Les contrebandiers

Un auteur en cinéma peut se définir succinctement par l'existence d'un tissu analytique entre toutes ou une partie de ses films ou œuvres en rapport avec le cinéma.
C'est aux personnes réfléchissant sur le cinéma qu'il convient de mettre en relief ce lien, cette redondance dans le discours qu'on pourrait éclater en de multiples composantes ; esthétiques, narratives, thématiques, ...
Toutes semblent - à des degrés divers - nécessaires mais pas suffisantes ... le formalisme semble aussi essentiel dans le cinéma qu'un parti pris plus fondamental ... sans qu'on parle forcément de style, paravent sous lequel aime bien s'abriter le critique ... on parlera plus d'une maîtrise ou d'une conscience de la grammaire cinématographique et de ses spécificités par rapport à d'autres grammaires visuelles ou narratives.
Ainsi au cinéma, le statut d'auteur découle d'une relation multilatérale qui s'établit d'une part entre un cinéaste au sens le plus large possible et ses créations et d'autre part le spectateur.

Le tout n'est pas sans effets pervers, puisque dès lors que ce lien est établit, il offre souvent un angle de vue limité et même tronqué si l'on s'en contente.
Le statut d'auteur ne doit pas être considéré comme un facteur discriminant permettant de délimiter distinctement deux catégories qu'on définirait grossièrement comme étant d'un côté des artistes et de l'autre des techniciens ou artisans, comme le fait Louis Delluc en définissant le terme de "cinéaste", notion préfigurant déjà celle plus tardive d'"auteur".
En effet de par ses mécanismes de création, pluriels et industriels, ses impératifs commerciaux, le cinéma peut difficilement se contenter d'être observé sous ce seul spectre, tant il semble assujettie à de nombreuses contraintes (principalement d'ordre artistique ou financier) qui vont en quelque sorte modeler voire bruiter le discours en amont des divers protagonistes à l'élaboration d'un film.
Échappant à ce cadre, la liberté artistique et de moyens d'un auteur avéré comme Stanley Kubrick reste une exception.

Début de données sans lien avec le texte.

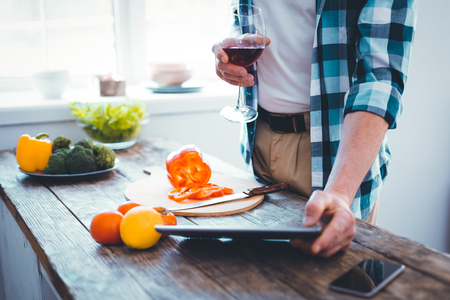 Glass of wine being in hands of a nice young man while relaxing at homeの写真素材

Il existe à Hollywood et ailleurs, des réalisateurs, scénaristes, producteurs qui dépassent cette approche à mon goût trop rigide et théorique pour s'appliquer pleinement dans le cadre du cinéma.
Des gens qui au sein d'un système de production industrielle de médias de divertissement, essayent tant bien que mal de se réapproprier ces médias, d'y injecter des éléments qui n'appartiennent pas au cahier des charges initial ou d'en détourner d'autres, et qui aussi insignifiants soient-ils représentent un symbole de résistance interne, l'illustration d'une expression personnelle par opposition à une bouillie narrative, idéologiquement correcte, formatée et creuse, une véritable insulte au public, et qu'on ne cesse de nous resservir jusqu'à écœurement.
Plus qu'ailleurs, faire du cinéma à Hollywood est un combat (les facilités financières ne compensant en rien le manque de liberté artistique, au contraire, la contrainte de rentabilité semble encore plus alourdir le processus), plus qu'ailleurs la notion d'auteur y est fragile, mais c'est dans cette volatilité que semble s'esquisser une nouvelle forme d'expression.